*What is required*. The data below holds a line containing "ロング カラー ブラウンカラー" and a line containing "MAN TGS 26.320"; please quote exactly those two lines and every line between them, and nothing else.

Start of Input data

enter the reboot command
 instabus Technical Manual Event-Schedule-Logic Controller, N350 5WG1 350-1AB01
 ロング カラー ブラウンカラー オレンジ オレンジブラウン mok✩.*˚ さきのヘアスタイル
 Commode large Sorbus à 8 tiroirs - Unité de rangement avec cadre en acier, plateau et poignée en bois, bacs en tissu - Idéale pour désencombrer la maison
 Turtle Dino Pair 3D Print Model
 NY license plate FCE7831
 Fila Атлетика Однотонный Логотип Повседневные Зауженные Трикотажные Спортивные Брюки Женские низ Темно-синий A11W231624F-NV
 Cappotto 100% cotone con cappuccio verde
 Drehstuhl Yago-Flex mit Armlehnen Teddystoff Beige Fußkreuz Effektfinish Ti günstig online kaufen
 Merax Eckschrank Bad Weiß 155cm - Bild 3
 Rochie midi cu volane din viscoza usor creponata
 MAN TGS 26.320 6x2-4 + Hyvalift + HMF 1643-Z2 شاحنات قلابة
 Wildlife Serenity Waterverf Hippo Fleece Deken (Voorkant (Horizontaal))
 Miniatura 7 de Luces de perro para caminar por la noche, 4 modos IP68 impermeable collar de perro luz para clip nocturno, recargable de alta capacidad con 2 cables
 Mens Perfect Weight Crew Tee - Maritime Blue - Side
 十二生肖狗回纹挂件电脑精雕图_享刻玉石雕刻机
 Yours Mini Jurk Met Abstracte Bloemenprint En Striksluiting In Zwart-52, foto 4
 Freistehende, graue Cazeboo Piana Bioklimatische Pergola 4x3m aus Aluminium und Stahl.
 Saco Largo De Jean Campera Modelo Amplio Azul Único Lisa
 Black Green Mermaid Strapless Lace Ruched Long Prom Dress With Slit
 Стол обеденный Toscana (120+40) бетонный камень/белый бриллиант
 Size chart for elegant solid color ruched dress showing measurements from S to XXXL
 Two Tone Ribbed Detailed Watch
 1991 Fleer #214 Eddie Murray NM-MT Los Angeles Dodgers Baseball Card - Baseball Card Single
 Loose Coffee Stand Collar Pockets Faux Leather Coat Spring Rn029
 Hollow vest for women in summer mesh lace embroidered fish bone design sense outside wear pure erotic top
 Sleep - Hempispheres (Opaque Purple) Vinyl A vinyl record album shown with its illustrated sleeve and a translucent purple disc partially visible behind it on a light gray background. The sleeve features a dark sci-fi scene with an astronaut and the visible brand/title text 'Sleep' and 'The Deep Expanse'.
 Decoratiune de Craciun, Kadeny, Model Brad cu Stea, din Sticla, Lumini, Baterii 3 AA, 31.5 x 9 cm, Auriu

End of Input data

*Result of this exercise*.
 ロング カラー ブラウンカラー オレンジ オレンジブラウン mok✩.*˚ さきのヘアスタイル
 Commode large Sorbus à 8 tiroirs - Unité de rangement avec cadre en acier, plateau et poignée en bois, bacs en tissu - Idéale pour désencombrer la maison
 Turtle Dino Pair 3D Print Model
 NY license plate FCE7831
 Fila Атлетика Однотонный Логотип Повседневные Зауженные Трикотажные Спортивные Брюки Женские низ Темно-синий A11W231624F-NV
 Cappotto 100% cotone con cappuccio verde
 Drehstuhl Yago-Flex mit Armlehnen Teddystoff Beige Fußkreuz Effektfinish Ti günstig online kaufen
 Merax Eckschrank Bad Weiß 155cm - Bild 3
 Rochie midi cu volane din viscoza usor creponata
 MAN TGS 26.320 6x2-4 + Hyvalift + HMF 1643-Z2 شاحنات قلابة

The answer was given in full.